Ahora que nuestra vida parece concebirse al asomarse a otras, al adentrarse en rostros con sus estados exhibidos como un aluvión de inmediatez, me vuelvo a preguntar por todas esas luces encendidas que, a la hora de la cena, parecen ofrecernos calor al otro lado. Hablo de las ventanas que brillan en la oscuridad al recorrer la inmensidad total de una avenida, por ejemplo un domingo por la noche, cuando la calle es intemperie, porque ha llegado la hora del recogimiento. Si tuviera que nombrar uno de los motores más extraños y definitivos que me han llevado a escribir, porque me conmovía entonces y me sigue conmoviendo ahora, sería esa sensación de extrañamiento, de sentirte fuera de esas luces y querer traspasarlas. Cuántas historias, cuántas conversaciones y también qué silencios, cuántos abrazos dentro de una familia, cuántos recibimientos y cuántas despedidas; pero además cuántas soledades, cuántas aventuras y también cuántos miedos caben dentro de ese recuadro iluminado en mitad de la noche, en cada uno de ellos, como un mosaico abstracto sobre todos los grandes edificios en los que las ventanas se recortan por su marco de luz, sobre ese pentagrama de la oscuridad, como notas anárquicas que encuentran su sentido visual pulsadas desde lejos. Somos los autores de esa melodía, esbozamos la música callada de todas esas voces que parecen haberse conjurado más allá de nosotros, dentro de esas ventanas, con los hogares expuestos momentáneamente cada vez que adviertes una silueta o el destello de un televisor cuando se apaga. No es que cada ventana y cada luz sea una novela o pueda serlo: al otro lado espera una saga que nadie va a escribir, que se perderá como lágrimas en la lluvia, que se evaporará. Todos esos nombres, todos esos rostros. La pasión que habitó un día en el lecho vacío, con sábanas que aún seguían custodiando ese calor de cuerpos. Los libros que jamás serán leídos, la música que nunca volverá a ser escuchada, todos los momentos infinitos que son valiosos porque acabarán, porque ya han acabado, porque son un recuerdo antes de haber vivido.
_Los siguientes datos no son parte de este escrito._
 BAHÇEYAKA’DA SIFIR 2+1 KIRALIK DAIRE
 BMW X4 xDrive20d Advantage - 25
Los domingos por la tarde y por la noche deprimen mucho a la gente, entre otras cosas, por esta sensación. A mí me han desolado en ocasiones, con sus calles vacías. Por eso, casi siempre, he intentado volver a alguna parte. Los domingos por la noche tienes que poder volver a alguna parte o pertrecharte, hacerte fuerte y cuidar esa sensación, para empezar el lunes convencido. Pero si no estás en tu mejor momento, compañero del alma, o compañera, huye de los domingos por la noche y de esa vaga ilusión de lejanía cuando intuyes las vidas de los otros. Pero no olvides, también, que esas mismas vidas que imaginas, que has fotografiado en tu retina sin haberlas mirado en realidad, también guardarán sus propias sombras. Y que quizá hay alguien, silente al otro lado, que mira por la ventana y que te ve cruzar la calle solo, y quizá también piensa que vas hacia un lugar mucho mejor que el suyo. Porque al otro lado de todas esas luces, que pueden darnos un calor imaginado en la intemperie, también habitan el frío, y la incomprensión, y la necesidad de dar con alguien que, al menos una vez en todo el día, pase detrás de ti, mientras estás leyendo, o escribiendo o haciendo un crucigrama, y te acaricie el hombro.
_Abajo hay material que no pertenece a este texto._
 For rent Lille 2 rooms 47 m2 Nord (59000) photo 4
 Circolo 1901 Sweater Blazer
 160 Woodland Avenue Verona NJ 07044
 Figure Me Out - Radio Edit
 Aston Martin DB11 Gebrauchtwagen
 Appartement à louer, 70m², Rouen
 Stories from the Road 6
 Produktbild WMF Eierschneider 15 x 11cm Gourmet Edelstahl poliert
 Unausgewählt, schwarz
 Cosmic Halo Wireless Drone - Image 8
Siempre me ha parecido que no hay mayor indicador que ese pequeño gesto, para la amistad y el amor, de la generosidad al egoísmo: de quien pasa a tu lado, en la intimidad de la cocina, o mientras lees tumbado en el sofá, y demora la mano en tu pelo, y comparte su tacto con el tuyo, y te hace sentirte menos solo en esa inmensidad que es también interior dentro de esa ventana iluminada, dentro de ese domingo por la tarde, a este lado del paraíso, dentro o fuera. Ese detalle mínimo, y su ausencia, puede anunciarlo todo.
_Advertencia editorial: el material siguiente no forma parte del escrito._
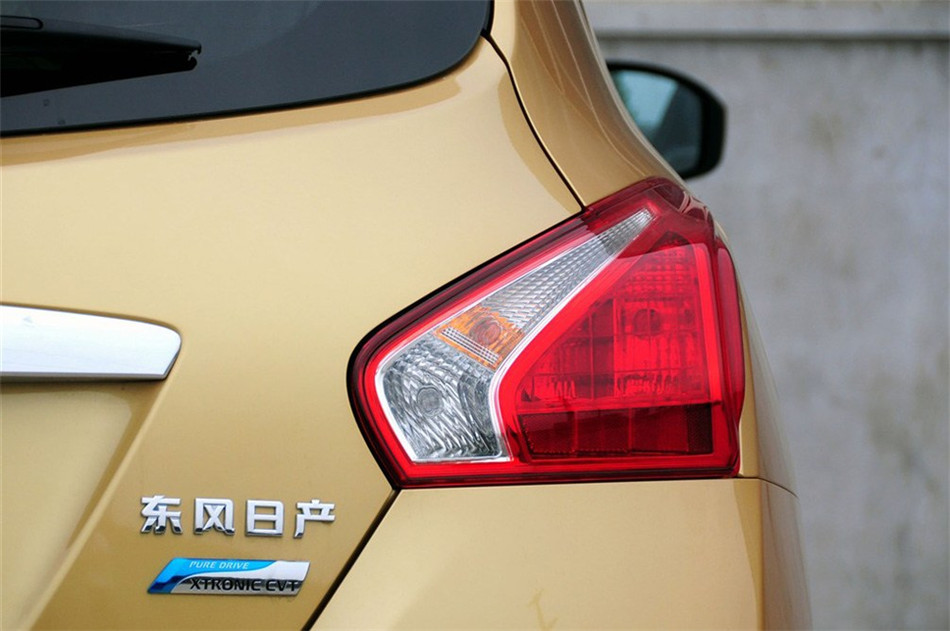 2011 1.6L CVT  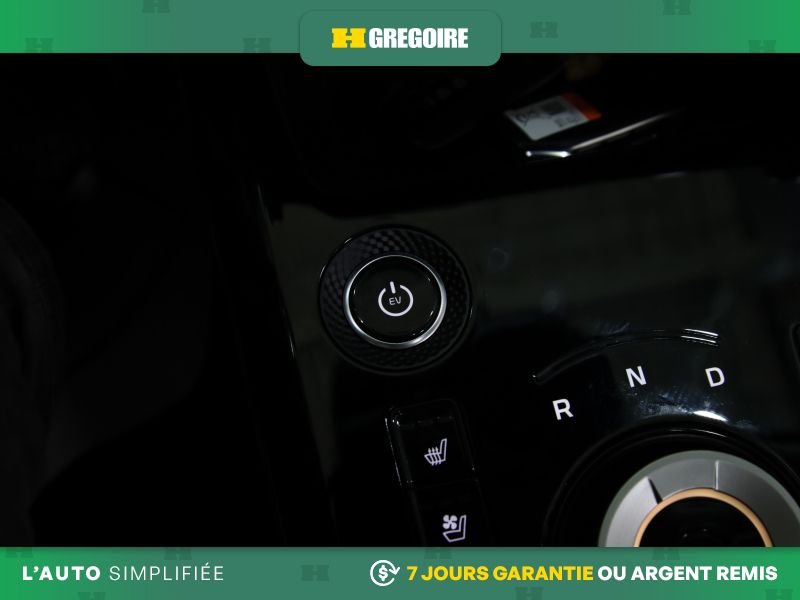 Kia Niro 2026 Noir Blainville - photo #16
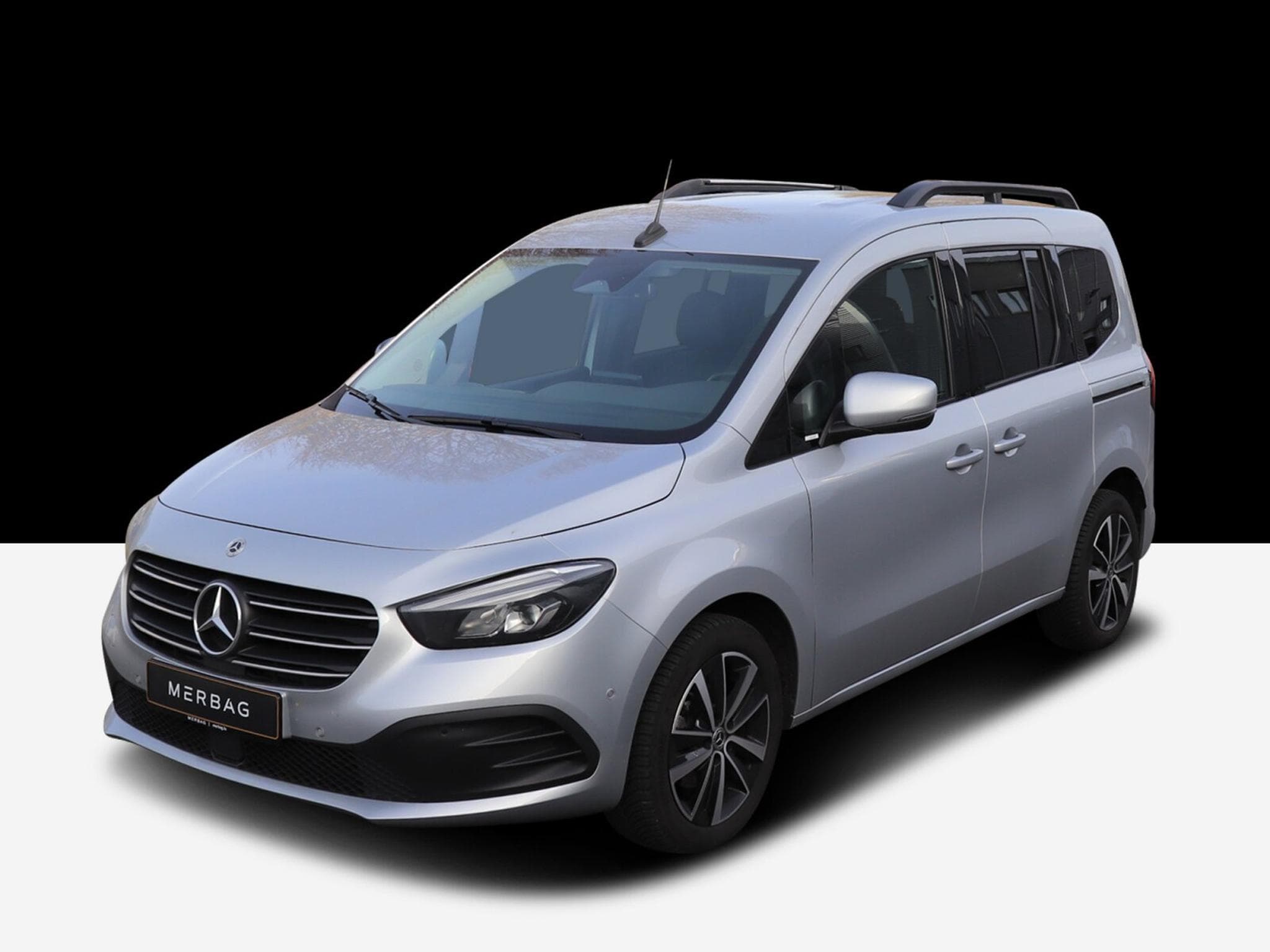 Mercedes T d PROGRESSIVE Standard (2023) - Photo 6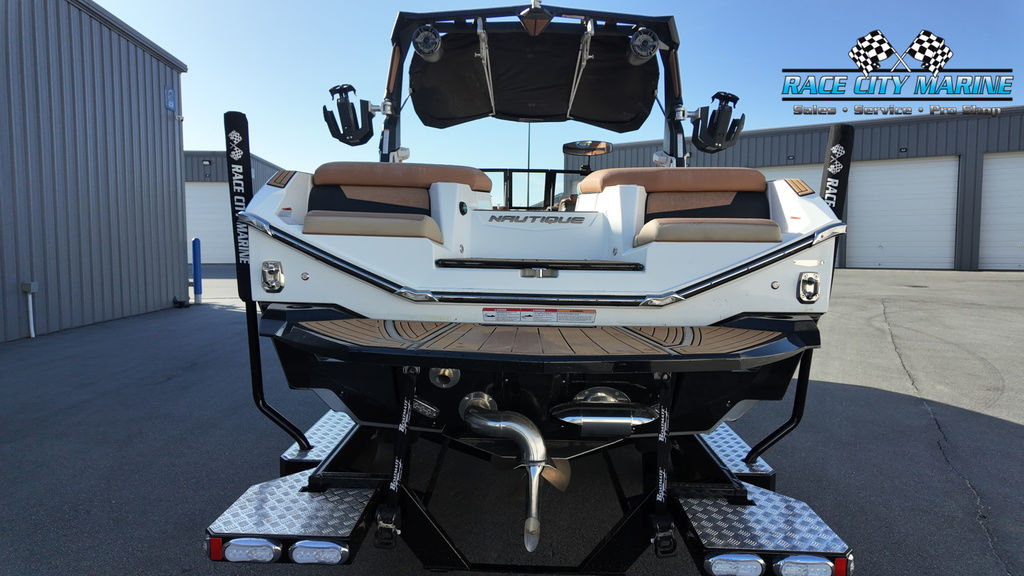 2022 Nautique Super Air Nautique G23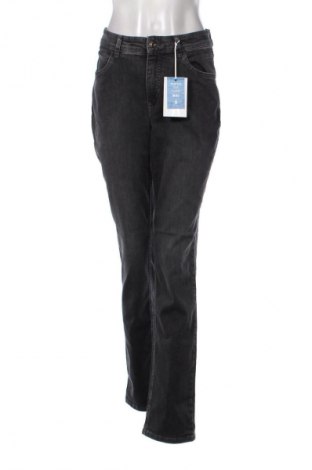 Dámské džíny  Mac, Velikost M, Barva Šedá, Cena  829,00 Kč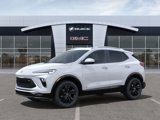 New 2025 Buick Encore GX Sport Touring image 2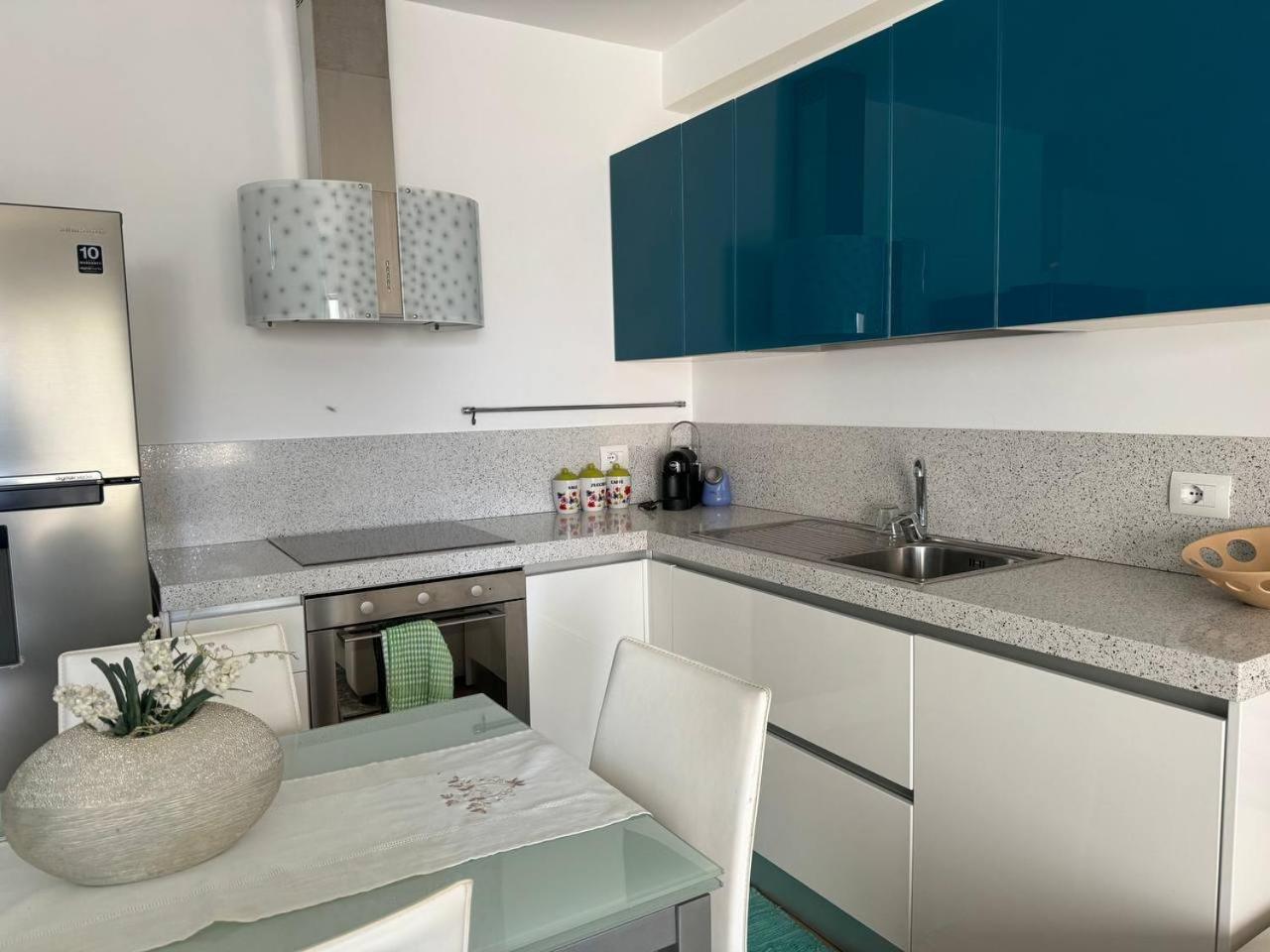 Sea&Sun&Sand Cosy Apartment In Durrës Esterno foto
Todo esto se parece más a una confesión que a un artículo; pero cuando la gente tiene la paciencia de leerte cada fin de semana, merece una cierta introspección, o esa lectura interna de una obra ofrecida en sus claves más sinceras. Dice Rafael Soler que hay dos tipos de escritores: los que escriben para que los quieran, y los que no saben que escriben para que los quieran. Estoy de acuerdo, en parte, pero hay otros motores: la desesperación, o una necesidad que te saca de todas las costuras y de todas las camas, de todos los silencios del deseo. No poder renunciar a lo que eres y no poder dejar de imaginar esas vidas lejanas como propias, con su íntimo temblor.